For more than a century, dams have blocked thousands of miles of steelhead habitat, but the tide is starting to turn. For the first time in American history, dams are being removed faster than they are being constructed. High-profile dam removal projects on the Elwha, White Salmon, Sandy, and Rouge Rivers are demonstrating the benefit of dam removal for both watershed recovery and local communities. Additionally, with a tentative agreement in place to remove four dams on the Klamath River in California, which would be the largest dam removal project ever attempted, the case for the benefits of dam removal will continue to get stronger.

The wave of dam removals sweeping through the West is ushering in hope for the 21st Century becoming the era of river reclamation. Of all the dams being considered for breaching, none are more important than the removal of the four lower Snake River dams, which are the greatest impediment to steelhead and salmon recovery in the Columbia system.

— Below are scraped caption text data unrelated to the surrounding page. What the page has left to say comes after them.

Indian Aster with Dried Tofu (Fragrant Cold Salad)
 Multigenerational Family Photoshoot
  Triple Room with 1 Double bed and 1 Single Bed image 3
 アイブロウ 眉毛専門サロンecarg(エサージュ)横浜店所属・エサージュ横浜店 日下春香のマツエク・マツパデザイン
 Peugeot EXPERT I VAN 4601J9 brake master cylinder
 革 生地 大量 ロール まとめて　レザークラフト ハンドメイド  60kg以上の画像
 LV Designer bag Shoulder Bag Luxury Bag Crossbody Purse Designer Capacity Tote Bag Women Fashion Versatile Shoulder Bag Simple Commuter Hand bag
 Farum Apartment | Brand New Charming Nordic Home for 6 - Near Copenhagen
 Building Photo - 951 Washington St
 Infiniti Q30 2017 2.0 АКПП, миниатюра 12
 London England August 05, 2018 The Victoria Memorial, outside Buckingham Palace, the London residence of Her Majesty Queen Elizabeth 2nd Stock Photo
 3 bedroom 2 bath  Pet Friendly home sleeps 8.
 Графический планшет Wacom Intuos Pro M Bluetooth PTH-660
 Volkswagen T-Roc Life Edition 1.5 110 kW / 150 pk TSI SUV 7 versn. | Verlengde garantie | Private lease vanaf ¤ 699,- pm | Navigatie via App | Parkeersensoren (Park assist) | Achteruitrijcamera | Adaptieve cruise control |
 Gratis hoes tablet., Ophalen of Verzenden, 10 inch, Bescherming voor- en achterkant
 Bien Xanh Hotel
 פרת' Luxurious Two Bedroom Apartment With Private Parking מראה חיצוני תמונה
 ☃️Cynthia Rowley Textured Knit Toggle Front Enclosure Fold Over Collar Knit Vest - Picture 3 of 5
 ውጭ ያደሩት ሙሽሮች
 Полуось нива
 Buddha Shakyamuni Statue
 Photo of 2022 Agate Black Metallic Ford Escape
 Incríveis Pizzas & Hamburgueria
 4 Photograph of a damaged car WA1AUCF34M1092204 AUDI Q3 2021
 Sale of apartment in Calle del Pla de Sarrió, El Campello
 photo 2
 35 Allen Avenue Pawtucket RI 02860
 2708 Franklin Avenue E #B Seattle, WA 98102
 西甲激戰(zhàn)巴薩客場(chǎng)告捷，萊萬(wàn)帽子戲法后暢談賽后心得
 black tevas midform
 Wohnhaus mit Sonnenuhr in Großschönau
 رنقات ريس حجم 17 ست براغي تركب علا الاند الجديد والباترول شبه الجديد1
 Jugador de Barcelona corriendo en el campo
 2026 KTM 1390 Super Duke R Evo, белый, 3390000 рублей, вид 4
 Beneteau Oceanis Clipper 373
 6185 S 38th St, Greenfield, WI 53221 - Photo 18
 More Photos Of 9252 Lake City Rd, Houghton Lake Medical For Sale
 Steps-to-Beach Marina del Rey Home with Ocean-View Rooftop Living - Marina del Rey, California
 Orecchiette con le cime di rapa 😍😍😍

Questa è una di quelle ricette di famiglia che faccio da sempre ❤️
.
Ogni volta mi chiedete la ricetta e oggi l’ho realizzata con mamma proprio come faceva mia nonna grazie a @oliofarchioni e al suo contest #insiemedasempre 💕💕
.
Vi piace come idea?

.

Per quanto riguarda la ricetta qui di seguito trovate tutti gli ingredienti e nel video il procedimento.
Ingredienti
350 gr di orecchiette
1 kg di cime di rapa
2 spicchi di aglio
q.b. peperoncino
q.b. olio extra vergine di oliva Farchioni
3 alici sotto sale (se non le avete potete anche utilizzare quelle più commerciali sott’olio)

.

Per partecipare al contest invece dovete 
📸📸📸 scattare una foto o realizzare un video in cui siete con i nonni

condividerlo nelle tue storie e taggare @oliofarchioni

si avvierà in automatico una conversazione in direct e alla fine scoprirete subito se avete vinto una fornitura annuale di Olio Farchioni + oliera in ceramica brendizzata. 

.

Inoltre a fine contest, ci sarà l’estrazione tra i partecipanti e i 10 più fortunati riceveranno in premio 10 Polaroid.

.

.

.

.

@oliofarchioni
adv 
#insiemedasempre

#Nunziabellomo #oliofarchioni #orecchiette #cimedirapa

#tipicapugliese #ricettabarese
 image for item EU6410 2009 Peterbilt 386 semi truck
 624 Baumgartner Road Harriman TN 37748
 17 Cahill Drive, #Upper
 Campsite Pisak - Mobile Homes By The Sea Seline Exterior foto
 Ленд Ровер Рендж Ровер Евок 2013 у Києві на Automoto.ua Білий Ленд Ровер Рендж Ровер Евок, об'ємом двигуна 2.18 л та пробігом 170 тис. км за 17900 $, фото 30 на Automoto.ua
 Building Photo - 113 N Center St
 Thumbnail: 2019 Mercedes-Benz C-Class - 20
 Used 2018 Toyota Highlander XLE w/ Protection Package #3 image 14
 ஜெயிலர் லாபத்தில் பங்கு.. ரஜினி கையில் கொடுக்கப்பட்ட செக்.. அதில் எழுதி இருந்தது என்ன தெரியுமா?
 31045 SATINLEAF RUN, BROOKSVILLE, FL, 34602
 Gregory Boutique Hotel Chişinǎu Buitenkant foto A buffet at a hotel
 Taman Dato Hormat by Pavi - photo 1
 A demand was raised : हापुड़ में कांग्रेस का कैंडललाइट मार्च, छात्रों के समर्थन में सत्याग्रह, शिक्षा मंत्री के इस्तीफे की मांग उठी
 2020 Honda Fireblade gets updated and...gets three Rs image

Elsewhere in the Columbia River basin, migratory fish passage is being implemented in the Yakima River basin, and negotiations are underway to consider returning migratory fish above the Grand Coulee Dam where hundreds of miles of great habitat remains.

While the massive hydroelectric dams make the largest impact on river systems, there are also many smaller dams, poorly designed culverts, and other impoundments that negatively affect steelhead migration and must be addressed. As this infrastructure ages and its negative impacts on fish and watershed health continue to become more apparent, there will be heightened opportunities for local communities and governing agencies to improve and restore fish passage.

In order to make the 21st Century truly the era of river reclamation, steelhead advocates need to be united, organized, and prepared to effectively support reclamation opportunities. Likewise, wild fish advocates need to be vigilant whenever old dams seek re-licensing and when there are calls for new dams such as the proposed Chehalis Dam in Washington. We must also be able to bring to bear the best science and engineering to create solutions that serve local communities and watersheds better than fish-blocking dams. The future of wild steelhead depends upon our ability to win these fights and usher in an unprecedented era of river restoration.